#### [Information supplied]
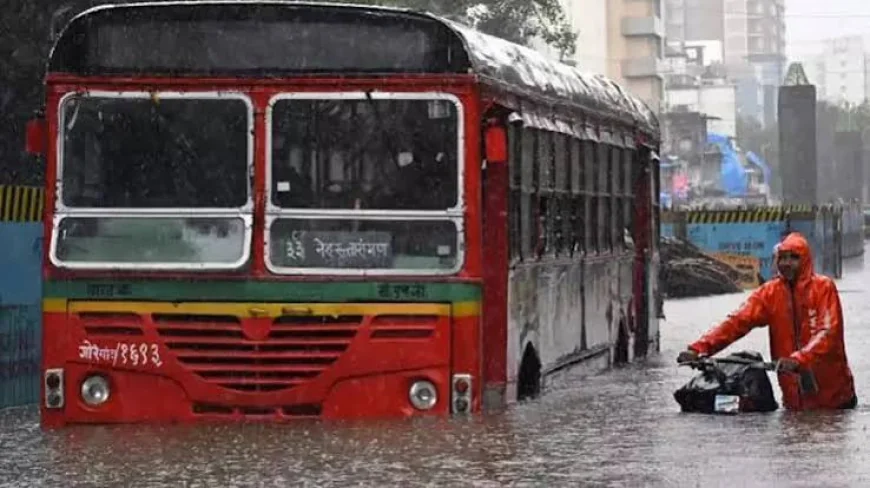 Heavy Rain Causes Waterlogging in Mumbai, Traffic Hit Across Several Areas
==
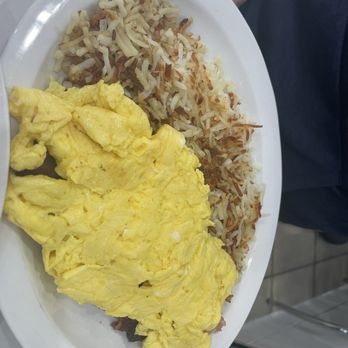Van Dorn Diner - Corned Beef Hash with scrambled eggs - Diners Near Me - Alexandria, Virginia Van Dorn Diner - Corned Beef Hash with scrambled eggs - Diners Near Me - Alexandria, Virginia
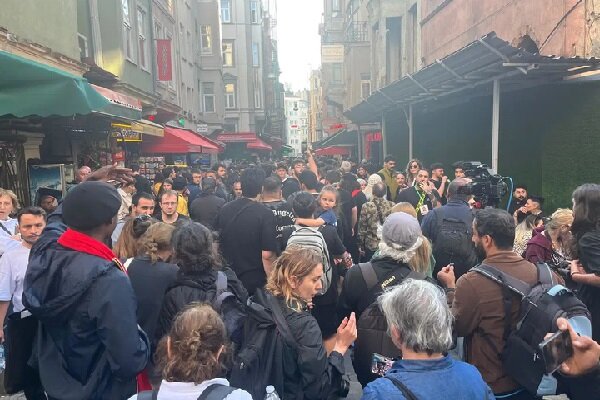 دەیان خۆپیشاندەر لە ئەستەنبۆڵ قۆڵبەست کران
---
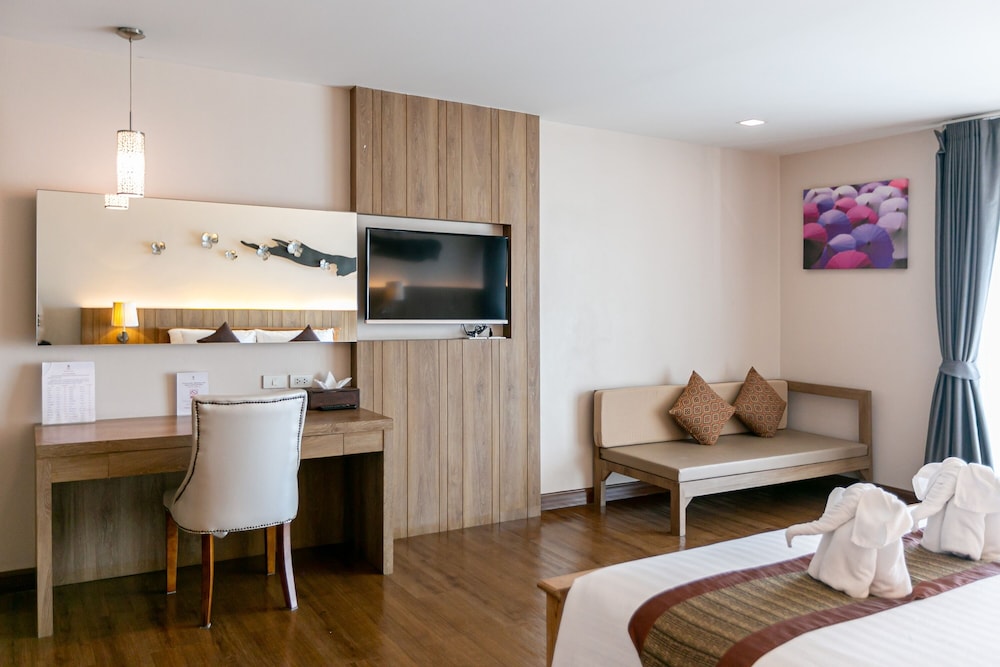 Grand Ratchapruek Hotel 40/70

#### [What you will do]
Go to the line above holding "Alexandria, Virginia Van", then copy exactly each line down to and including the one holding "دەیان خۆپیشاندەر لە ئەستەنبۆڵ قۆڵبەست کران", leaving pictures out.

#### [Response]
Van Dorn Diner - Corned Beef Hash with scrambled eggs - Diners Near Me - Alexandria, Virginia Van Dorn Diner - Corned Beef Hash with scrambled eggs - Diners Near Me - Alexandria, Virginia
 دەیان خۆپیشاندەر لە ئەستەنبۆڵ قۆڵبەست کران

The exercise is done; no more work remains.